We are focused on building an ecosystem for AI in the Indian languages space. To this end, we create datasets and models for enabling applications for broad societal impact. We are running some of the largest data initiatives in the world and these ambitious India-wide programs are creating high-quality open-source speech and text datasets spanning every district to accelerate the state-of-the-art in NLP (Natural Language Processing).
You will be part of this core team at ARTPARK.
Overview of the project
As part of an ambitious nation-wide program, you will help create unique, high-quality open-source speech and text datasets spanning every district to accelerate the state-of-the-art in NLP (Natural Language Processing) in Indian languages.

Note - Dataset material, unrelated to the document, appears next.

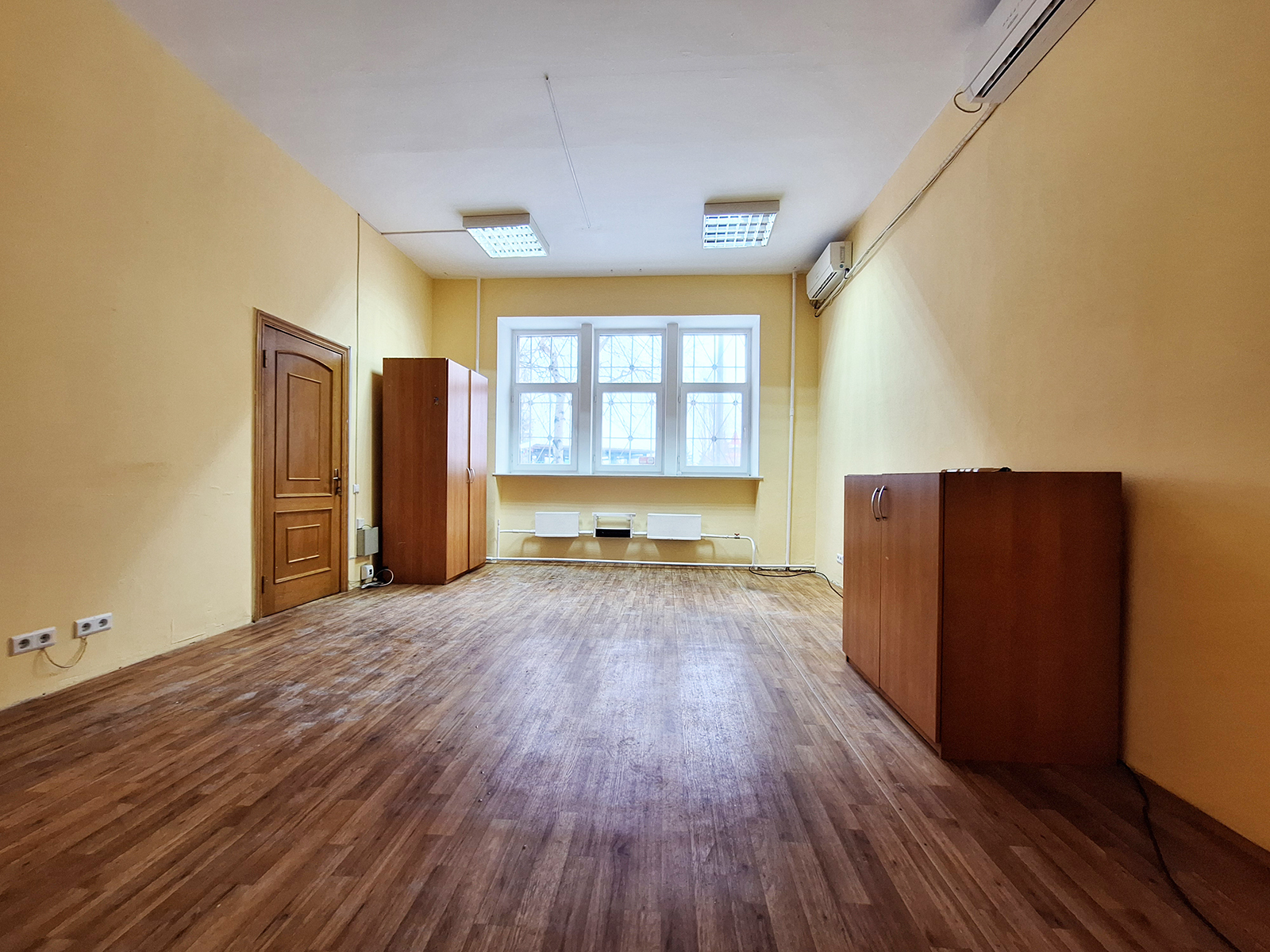 Оренда офісу 116 м², Героїв Сталінграда просп., 12Г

With several large projects under BhashaSetu, ARTPARK’s vision is to spearhead the creation of an inclusive digital-India through propel the AI advancements in Indic languages spanning projects in speech data collection, curation and advanced language modelling.

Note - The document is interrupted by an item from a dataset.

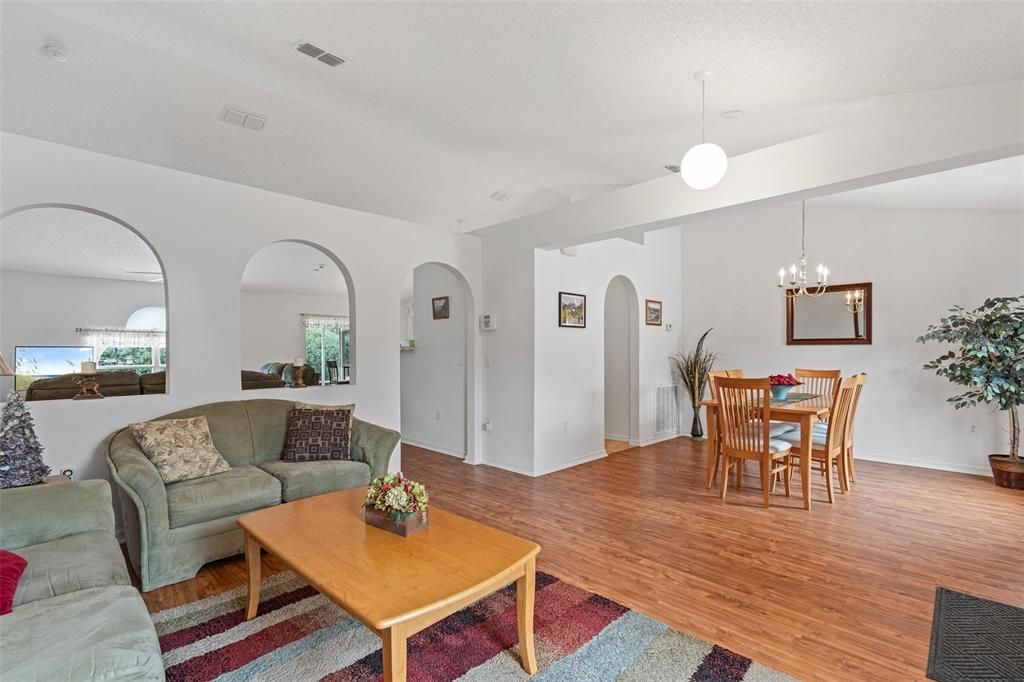 For Sale: $235,000 (3 beds, 2 baths, 1635 Square Feet)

You will be part of the operations team which drives data collection and curation across all projects in BhashaSetu program, working closely with the ARTPARK team.
Role & key responsibilities
You will be responsible for the data from one or more of the following states:
Gujarat
Rajasthan
Maharashtra
Goa
Understand requirements for data curation and its implications on the AI models built. Understanding the requirements thoroughly as and when guideline documentation is received.
Search and recruit the correct curation experts as required by the project through searching and contacts (e.g., NGOs, local institutes etc.) in the districts/area that you are managing
Design task flyers and find out all ways to reach the individuals and language experts(local in a district) who could be interested in data curation and quality checking
Contact (through phone call and WhatsApp) to applicants as well as those who did not apply
Host project awareness calls with potential experts to drive understanding of their tasks
Manage day-to-day curation operations for audio and transcription data
Training the recruited experts in required tasks. Provide relevant documentation for training
Assigning of daily workload basis their availability and closely coordinating to get the work done
Supervising their daily performance and review their work on a daily basis.
Skills and background
Should be a native and local language speaker of the local language of the following districts:
Marathi- (primarily from Washim, Gondia, Mumbai suburban)
Gujarati- (primarily from Navsari, Valsad, Devbhoomi Dwarka, Gandhinagar)
Hindi- (primarily from Umaria, Dhar, Katni, Bhopal)
Hindi, Rajasthani, Marwari- (primarily from Barmer, Jaisalmer, Jaipur)
Should be good at verbal and written communication both in English and local language
Should be good with handling multiple people (remotely working) and get the task done by them.
Skills: Microsoft Office (Excel, Word, PowerPoint) and Google workspace (Docs, Sheets, Slides)
Good-to-haves
Experience in data curation
Experience in speech data annotation and labelling
Experience in working with data sourcing and annotation companies
ARTPARK at IISc drives impact through innovations in AI & Robotics, by harnessing the best of research/academia, startups/industry, and government/nonprofits.
Our pioneering platform initiatives in language data & AI and health data & AI are driving national-scale impact with stakeholders such as MeitY’s Bhashini, Office of PSA, ICMR, States and Cities.
These platforms are in pursuit of our vision – AI for All.